И создание несчастного и талантливого художника сразу обаянием охватило толпу.
Ущелье, заваленное снеговым обвалом. Дикое и мрачное.
Решительно Коровин недаром проехался по Дарьяльскому ущелью. От его Кавказа веет действительно Кавказом, мрачным, суровым, и среди этих скал действительно мерещится призрак лермонтовского Демона.
Мы в первый раз видели лермонтовского Демона, в первый раз слышали рубинштейновского „Демона“, перед нами воплотился он во врубелевском нынешнем образе.
Артиста, который сумел воплотить в себе то, что носилось в мечтах у гениального поэта, великого композитора, талантливого художника — можно назвать такого артиста гениальным?» — спрашивал В. Дорошевич.
После окончания спектакля публика рукоплещет, певец на сцене засыпан цветами, подарками, записками…
Горький с друзьями у подъезда Большого театра, в распахнутом пальто, без шапки.
— Простудитесь, Алексей Максимович!
— Да… да… Замечательно, — бормочет Горький.

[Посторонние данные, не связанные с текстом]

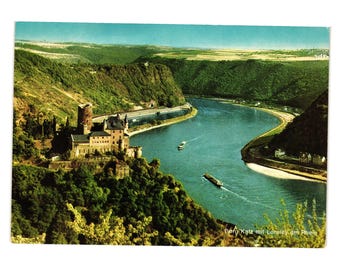 Carte postale allemande vintage Berg Katz Mit Loreley Rhein Cehade Carmos Kunstanstalt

Выходит певец, друзья окружают его, берут извозчика. Дорогой молчат… У Страстного монастыря остановка: куда ехать? Выбирают «Стрельну», что в Петровском парке.
Гостей проводят в отдельный кабинет. Рядом, за перегородкой, шумно, тосты, пение. Знакомый мотив — куплеты Мефистофеля! Прислушались.
Я на первый бенефис Сто рублей себе назначил. Москвичей я одурачил, Деньги все ко мне стеклись. Мой великий друг Максим Заседал в бесплатной ложе. «Полугорьких» двое тоже Заседали вместе с ним. Мы дождались этой чести Потому, что мы друзья. Это все одна семья. Мы снимались даже вместе, Чтоб москвич увидеть мог Восемь пар смазных сапог… Смазных сапог, да!Как вспоминает К. А. Коровин, среди прибывших возникло замешательство. Первым весело отреагировал «бенефициант»:
«— Что за черт, — сказал Шаляпин. — А ведь ловко!
Позвали метрдотеля. Шаляпин спросил:
— Кто это там?
— Да ведь как сказать… Гости веселятся. Уж вы не выдайте, Федор Иванович. Только вам скажу: Алексей Александрович Бахрушин с артистами веселятся. Они хотели вас видеть, только вы не пустите.
Горький вдруг нахмурился и встал:
— Довольно. Едем.
Мы все поднялись. Обратно Горький и Шаляпин снова ехали вместе, мы на паре.
— Чего он вскинулся? — удивлялся Серов. — Люди забавляются. Неужели обиделся? Глупо».